Practical deforestation for fixed-point structures -- introducing tungsten
This post introduces tungsten
, a minimalist library that provides deforestation for free to any structure expressed as a fixed-point. It is proved using free theorems and tested using inspection-testing
.
Introduction
I worked earlier this year on bringing deforestation specifically to algebraic graphs, recounted in this past blog post.
The whole process was basically copy-pasting things from the GHC.Base
module that works on lists and adapting them to work on graphs.
As my first-year professor once told me:
Never copy-paste code. If you copy-paste a line of code, you are either introducing a bug or missing an opportunity to generalize your program.
So, as I was not introducing a bug, it seems that I was missing an opportunity to generalize these rules. The theory already showed that this was possible but there was no (known to me) usable implementation. As the title suggests, I came to writing tungsten
, a library (not yet on Hackage) that generalizes the "foldr/build"

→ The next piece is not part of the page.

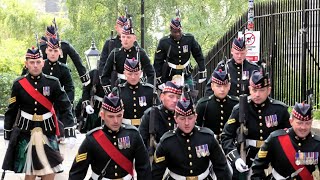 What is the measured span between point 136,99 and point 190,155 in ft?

rule to every structure expressed as a fixed-point.
This post will introduce (quickly) the three needed concepts (namely deforestation, fixed-point structures, and recursion schemes) and how to cook them to obtain cool results. If you are in a hurry and familiar with these concepts, jump to the core section.
Deforestation
The concept of deforestation was introduced by Wadler in his paper “Deforestation: transforming programs to eliminate trees”, in Theoretical Computer Science 73, 2 (1990), 231 – 248.
It is the idea that, when working with “good” functions on recursive structures, one can often optimize their composition to avoid building intermediate structures.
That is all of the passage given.